En ese momento tuve tiempo para un instante de reflexión para recordarme que, en el futuro, tendría que tener cuidado con quién desataba mi lengua. Por otro lado me maldije por mi mala suerte, ya que iba a ser la segunda ocasión en que me iba a batir en duelo con uno de mis, antaño, mejores amigos.
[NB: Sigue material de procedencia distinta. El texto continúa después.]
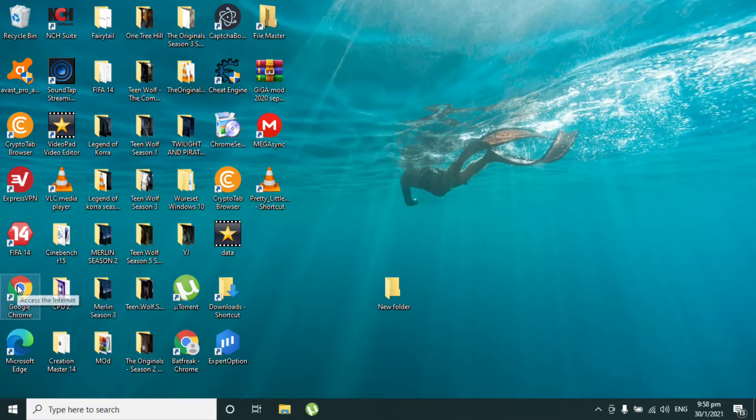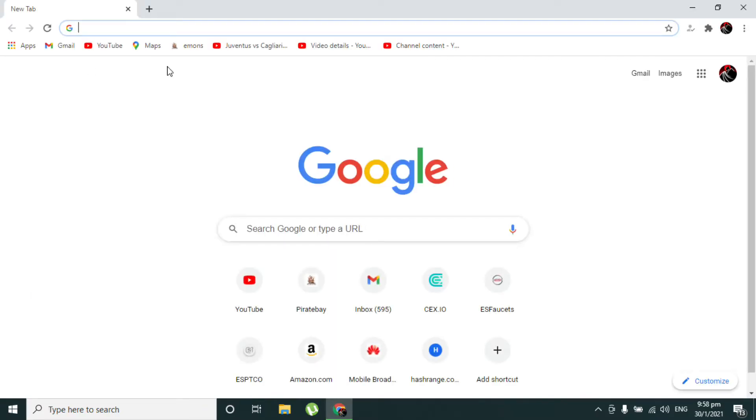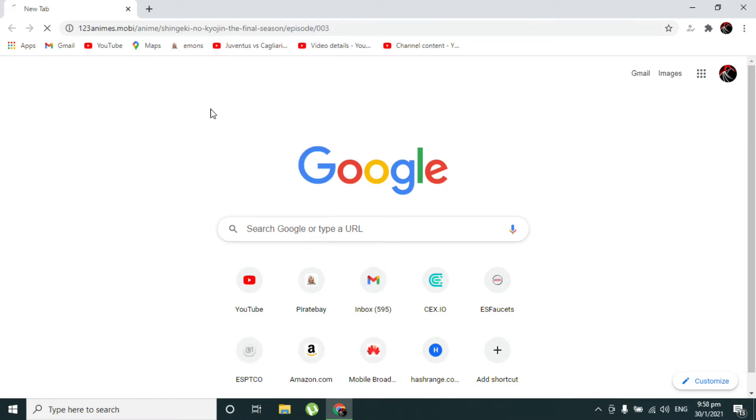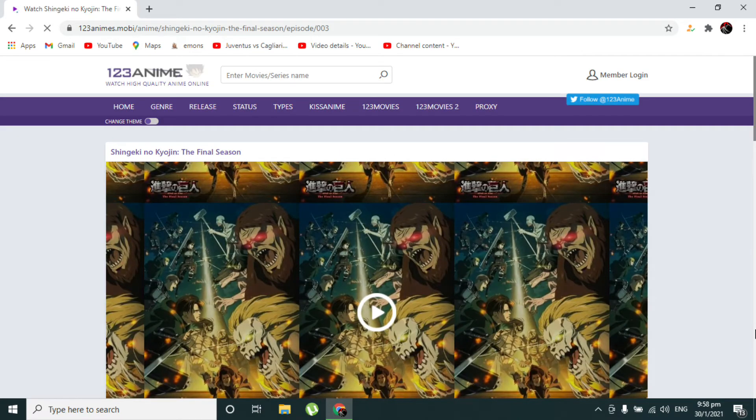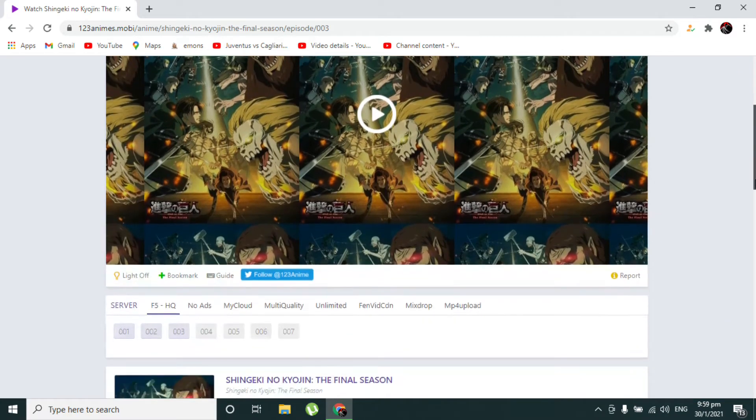First, go to your web browser and open the link in the description. Now just pick the episode you want to watch.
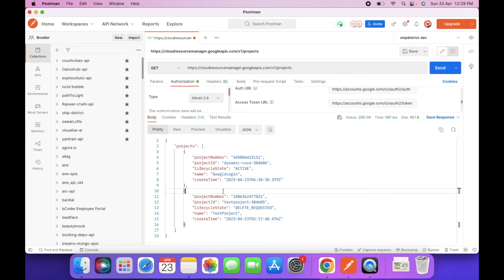So this is our Google Login. So in this way you can login with Google in Postman and call the API services of Google.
No tuve otra opción que aceptar, y le pedí al teniente Byron que por favor ejerciera nuevamente como padrino y acordara con Martins las condiciones de nuestro encuentro, lugar, armas y todo lo demás.
Para no permitir que la noticia de nuestro duelo se propagase, se acordó que tendría lugar a la mañana siguiente, rozando el alba, en un pequeño bosque a las afueras de Gibraltar y que Peter conoce bien por sus batidas de caza. 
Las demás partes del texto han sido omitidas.